- **Provided data**:
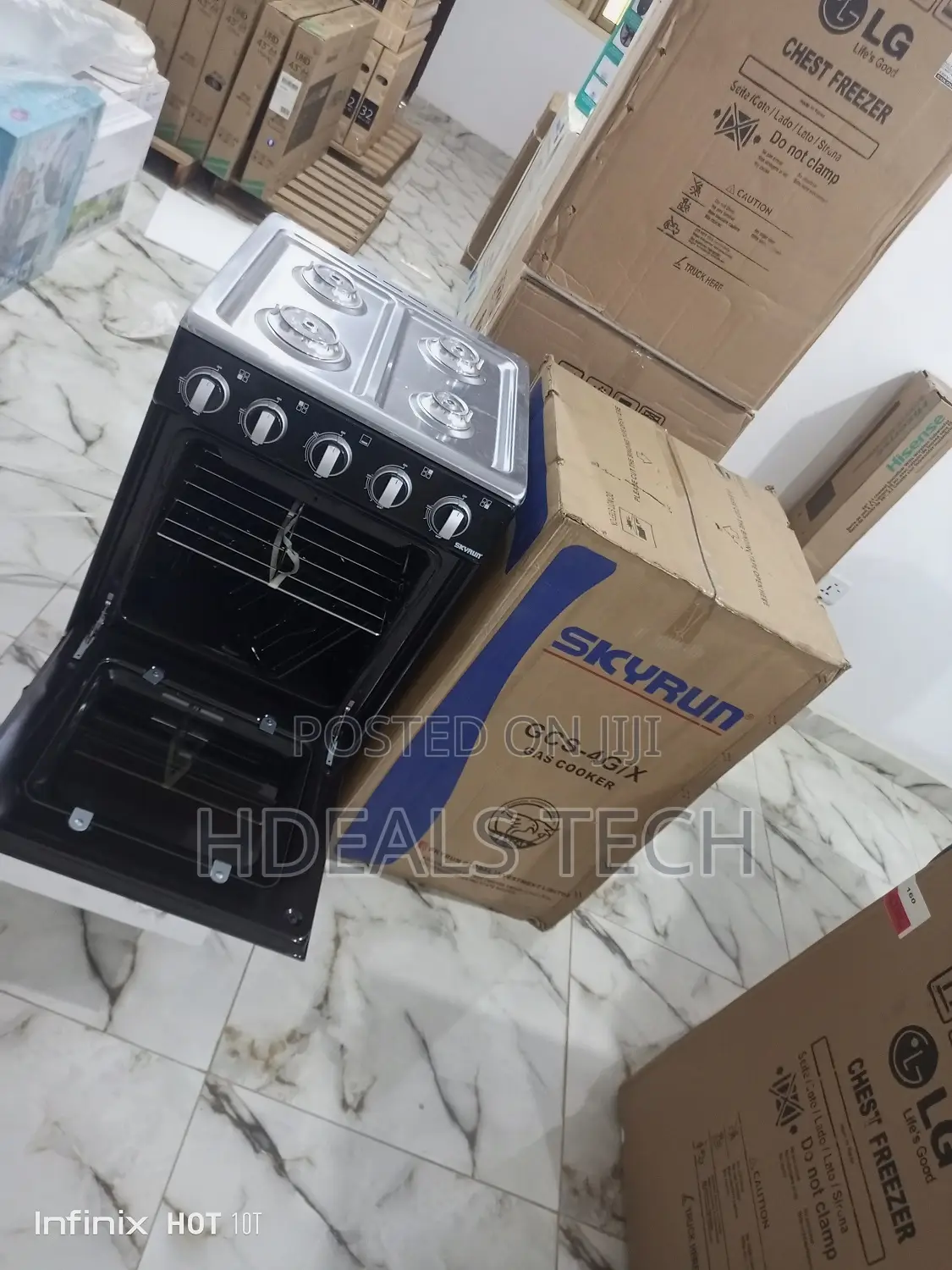 Skyrun 4 Burner Gas Cooker With Oven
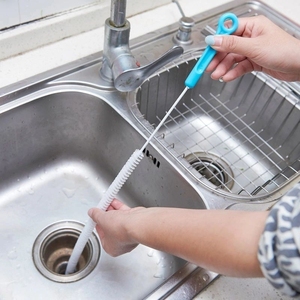 水管内部清洁刷下水道疏通细长刷子手动厨房水槽毛发清理神器管道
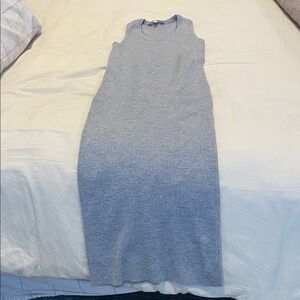 Athleta gray partial wool midi length dress. Size xs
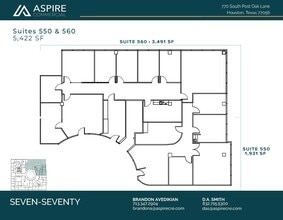 770 S Post Oak Ln, Houston, TX for lease Floor Plan- Image 2 of 4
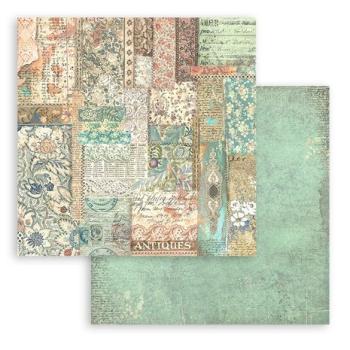 Stamperia, Brocante Antiques Maxi Background 12x12 Inch Paper Pack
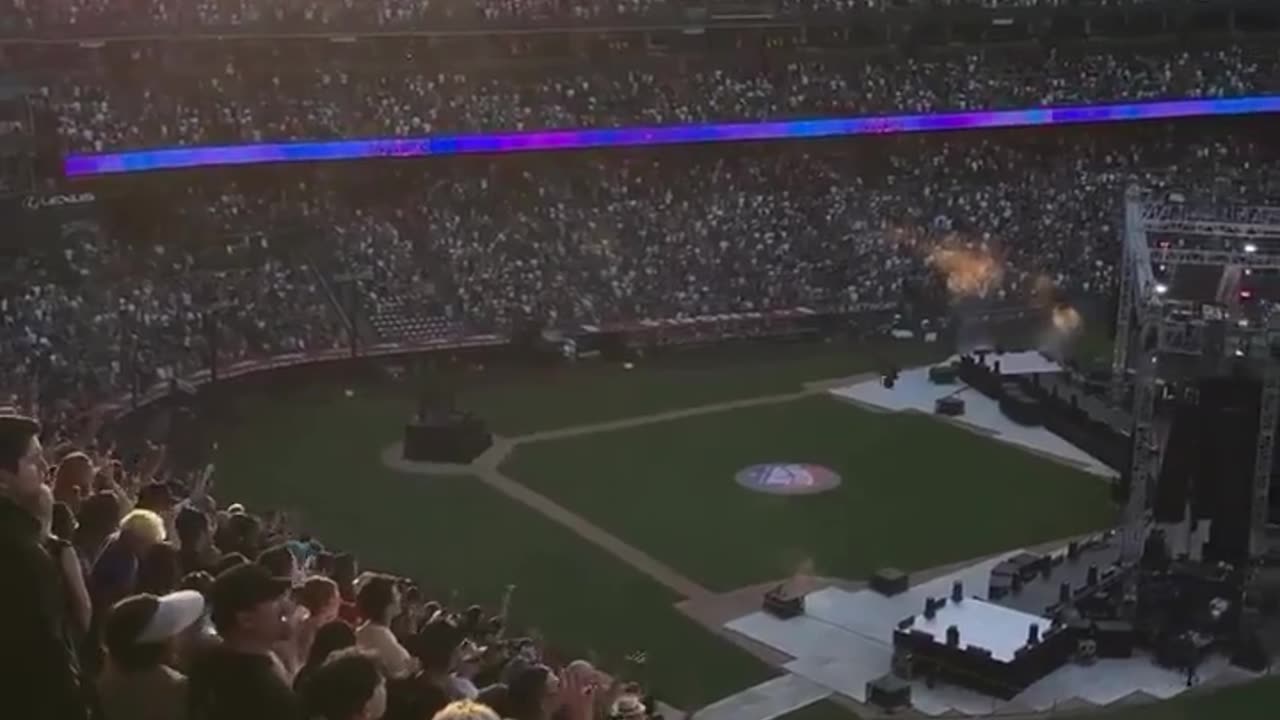 50,000 Christians gathered at Angel Stadium to praise and celebrate Jesus.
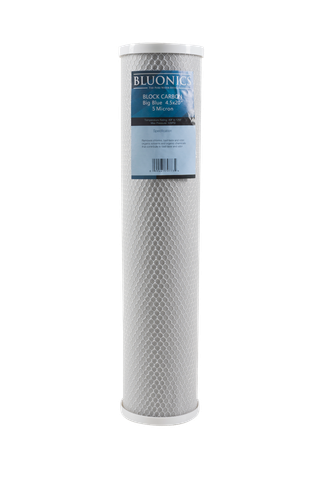 BLUONICS 4.5x20 Inch CTO Carbon Block Water Filters - 4-Pack (5 Micron)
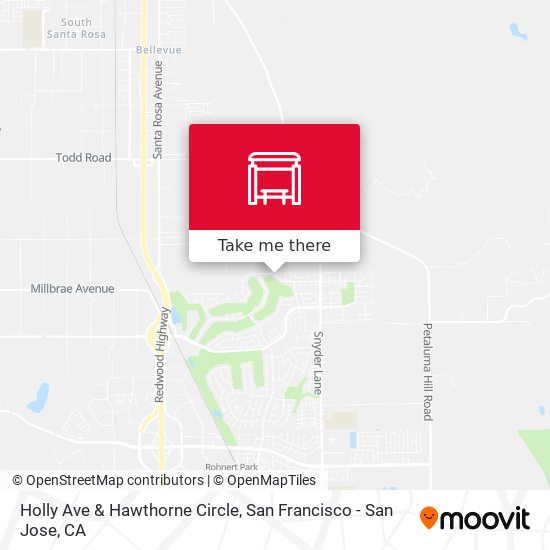 Mapa de Holly Ave & Hawthorne Circle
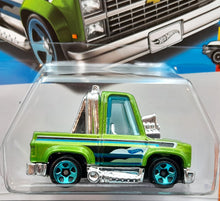 Load image into Gallery viewer, Hot Wheels 2023 Toon'd '83 Chevy Silverado Lime Green #93 HW Hot Trucks 1/10 New Long Card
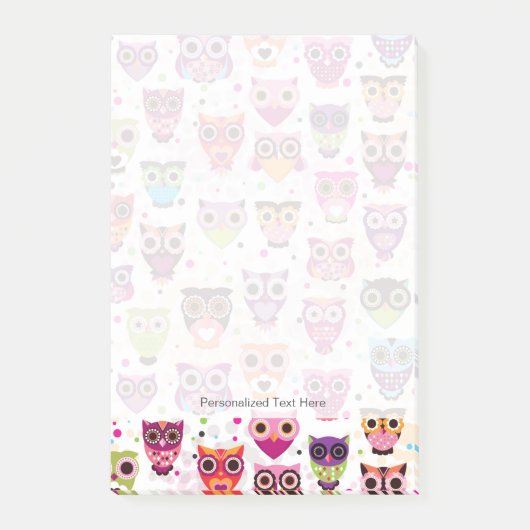 カラフルフクロー子供へ型 ポストイット (正面)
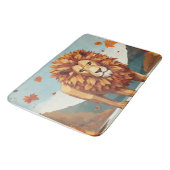 Tapis De Bain Feuilles d'automne Lion mâle (Angle)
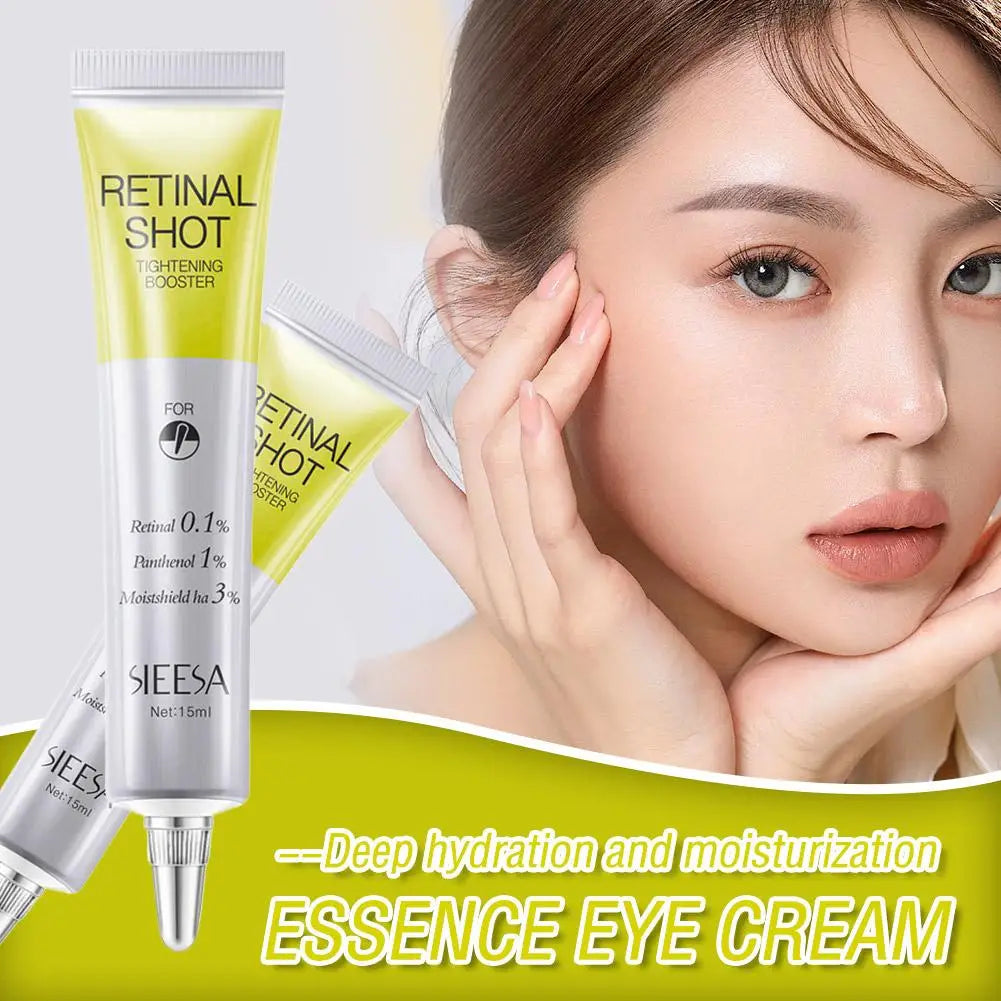 Retinol Hydrating Eye Cream Collagen Efficient Moisturizing Firming Lightening Dark Circle Tightening Eye Serum Korean Skin Care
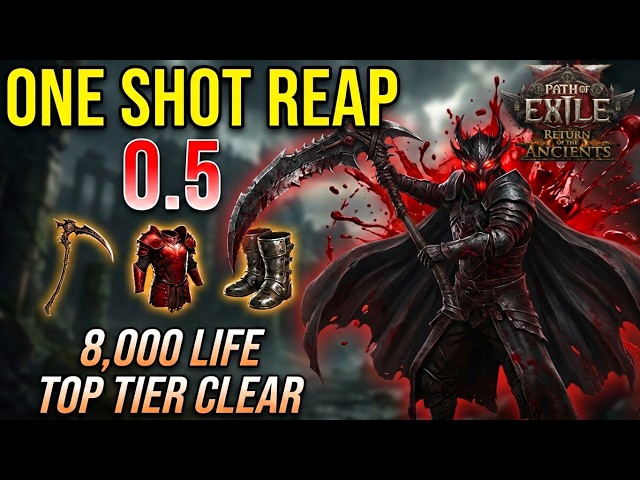 Path of Exile 2 [0.5] One Shot Reap Blood Mage (One hit Screen Clear)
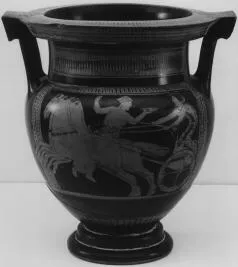 KRATER, COLUMN (ATHENIAN, RED-FIGURE)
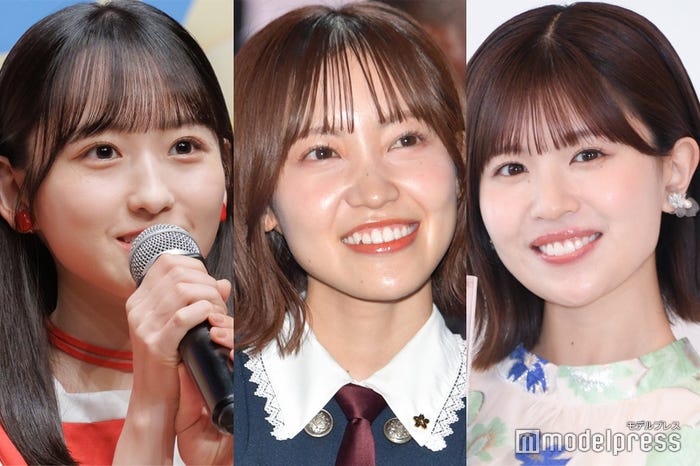 一ノ瀬美空、松田里奈、松田好花(C)モデルプレス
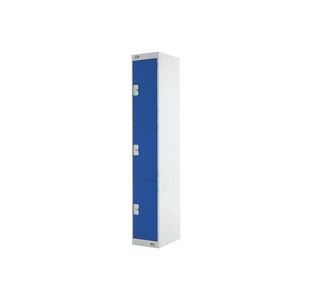 Three Comp Express Std Locker Blue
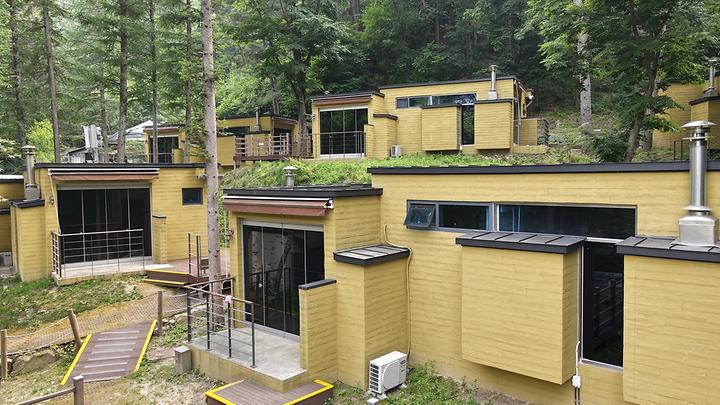 [강원도 춘천시] 구곡폭포 국민여가 캠핑장 – 강촌 구곡폭포 앞 가족 단위 프라이빗 캠핑장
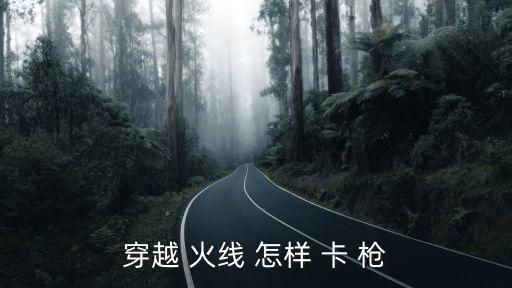 穿越 火线 怎样 卡 枪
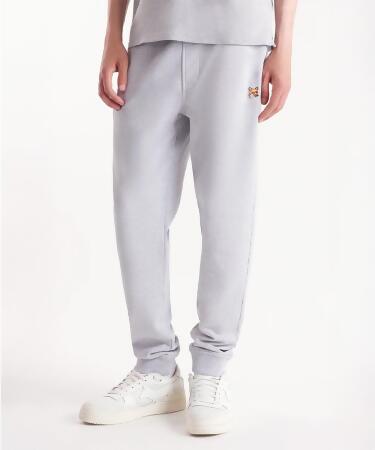 MAISON KITSUNÉ 北方雨滴灰狐狸頭LOGO經典束口運動褲_男/ XS 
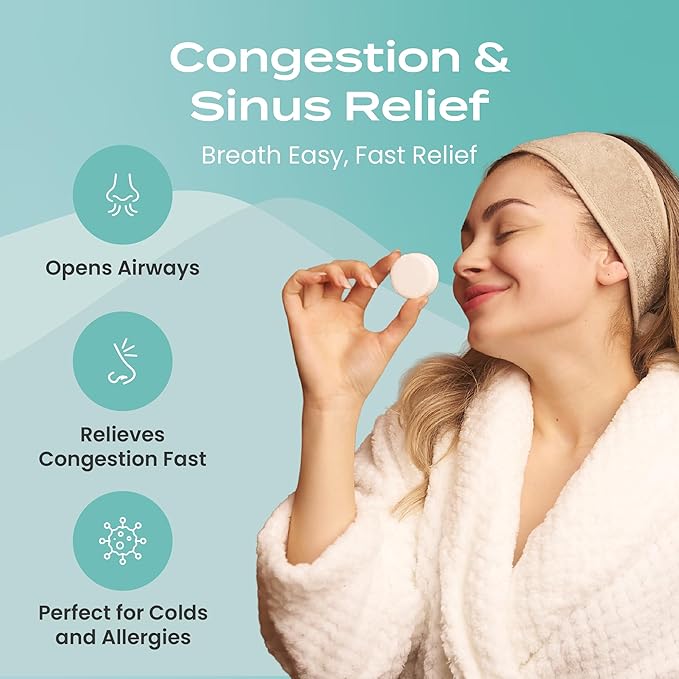 Body Restore Shower Steamers Aromatherapy 15 Pack – Mothers Day Gifts for Mom, Spa Gifts for Women, Relaxation Stress Relief Self Care – Premium Eucalyptus Essential Oil Tablets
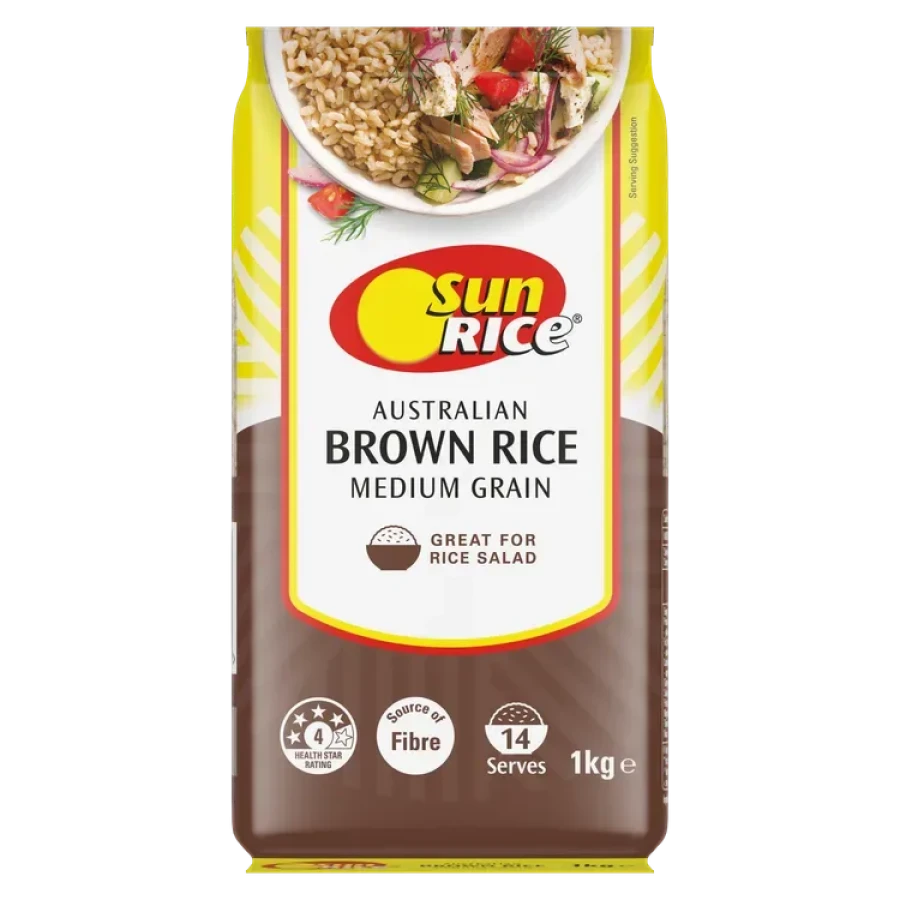 SunRice Brown Medium Grain Rice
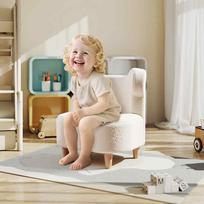 fotelis smelio spalvos - Fotelis AIYAPLAY Vaikiškas, smėlinis (Beige) - 9 nuotrauka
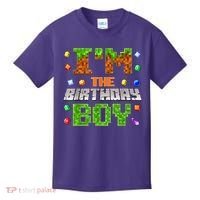 I'M The Birthday Boy Bday Party Video Gamer Pixel Number Kids T-Shirt thumb 0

- **Instructions for the task**:
Without the pictures, write out the lines from the beginning of the entries through the line with "50,000 Christians gathered".

- **Written response**:
 Skyrun 4 Burner Gas Cooker With Oven
 水管内部清洁刷下水道疏通细长刷子手动厨房水槽毛发清理神器管道
 Athleta gray partial wool midi length dress. Size xs
 770 S Post Oak Ln, Houston, TX for lease Floor Plan- Image 2 of 4
 Stamperia, Brocante Antiques Maxi Background 12x12 Inch Paper Pack
 50,000 Christians gathered at Angel Stadium to praise and celebrate Jesus.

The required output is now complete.